Enfin, avec ses alliés et partenaires comme le réseau EURAC [[Créé en 2003, le Réseau européen pour l’Afrique centrale (Eurac) rassemble des organisations européennes de la société civile. Il mène un plaidoyer auprès de l’Union européenne afin qu’elle s’engage à aider la région des Grands Lacs à se construire un avenir meilleur.]], le CCFD-Terre Solidaire échange avec les pouvoirs publics, à Bruxelles. Son objectif : que les politiques de coopération et de développement et les investissements des acteurs économiques en Afrique n’entraînent pas d’impact foncier négatif, comme les accaparements de terres.
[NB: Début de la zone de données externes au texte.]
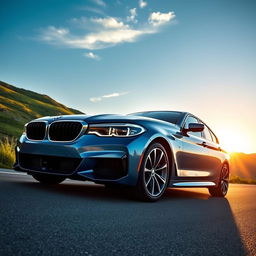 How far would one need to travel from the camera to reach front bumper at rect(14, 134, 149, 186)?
4105 millimetres

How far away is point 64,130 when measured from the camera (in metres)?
4.49

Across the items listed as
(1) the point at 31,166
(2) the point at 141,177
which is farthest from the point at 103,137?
(1) the point at 31,166

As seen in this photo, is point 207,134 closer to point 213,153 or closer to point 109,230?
point 213,153

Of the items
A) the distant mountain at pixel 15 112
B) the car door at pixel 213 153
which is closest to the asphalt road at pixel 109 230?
the car door at pixel 213 153

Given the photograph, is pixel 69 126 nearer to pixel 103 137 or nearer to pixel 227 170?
pixel 103 137

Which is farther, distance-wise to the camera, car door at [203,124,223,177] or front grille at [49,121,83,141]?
car door at [203,124,223,177]

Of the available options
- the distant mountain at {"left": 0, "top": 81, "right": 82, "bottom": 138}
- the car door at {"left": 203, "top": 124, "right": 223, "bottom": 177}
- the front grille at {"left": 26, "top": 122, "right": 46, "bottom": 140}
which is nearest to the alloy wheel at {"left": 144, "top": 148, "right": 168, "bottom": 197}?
the front grille at {"left": 26, "top": 122, "right": 46, "bottom": 140}

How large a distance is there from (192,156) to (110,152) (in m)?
2.15

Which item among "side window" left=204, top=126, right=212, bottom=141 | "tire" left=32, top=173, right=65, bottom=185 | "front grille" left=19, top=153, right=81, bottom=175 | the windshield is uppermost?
the windshield

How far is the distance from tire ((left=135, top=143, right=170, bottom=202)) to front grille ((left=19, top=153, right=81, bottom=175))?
2.86 ft

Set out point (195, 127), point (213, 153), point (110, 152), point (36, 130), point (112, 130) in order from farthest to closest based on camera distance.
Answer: point (213, 153) → point (195, 127) → point (36, 130) → point (112, 130) → point (110, 152)

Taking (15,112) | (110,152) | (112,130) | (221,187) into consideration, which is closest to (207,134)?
(221,187)

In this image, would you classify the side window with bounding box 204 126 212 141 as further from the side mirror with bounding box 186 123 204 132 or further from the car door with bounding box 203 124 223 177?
the side mirror with bounding box 186 123 204 132

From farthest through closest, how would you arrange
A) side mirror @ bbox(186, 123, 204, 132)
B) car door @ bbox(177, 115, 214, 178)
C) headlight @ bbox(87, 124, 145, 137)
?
side mirror @ bbox(186, 123, 204, 132) → car door @ bbox(177, 115, 214, 178) → headlight @ bbox(87, 124, 145, 137)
Déplacées par les conflits, ignorées par les pouvoirs publics, les paysannes du Nord-Kivu manquent cruellement de terre, pour nourrir leur famille et développer des activités économiques. Mais aussi pour s’émanciper de la tutelle de leurs frères, leur mari, et de celle des autorités coutumières. Partant de ce constat, notre partenaire Uwaki, organisation féminine paysanne du Nord-Kivu, a mis en place des contrats de sécurisation foncière dans des territoires touchés par l’insécurité (Masisi, Nyiragongo, Rutshuru et Walikale). Ces contrats sont le résultat d’un véritable dialogue entre chefs coutumiers, grands propriétaires terriens et paysannes. L’ensemble des parties s’accorde sur la superficie allouée aux femmes, le type de cultures pratiquées, la durée et le paiement du bail. Au terme d’un long travail de persuasion, de nouveaux contrats économiques se nouent prenant en compte les droits et les devoirs de chacun. Ce processus s’avère aussi un levier pour le changement des pratiques coutumières. Depuis 2018, 4 000femmes ont ainsi pratiqué l’agroécologie dans des champs collectifs et individuels, jusque-là dédiés à l’élevage extensif ou laissés en jachère. Ces initiatives ont aussi donné lieu à des actions de plaidoyer auprès des députés provinciaux afin qu’ils puissent s’inspirer de ces pratiques dans le cadre de la réforme foncière.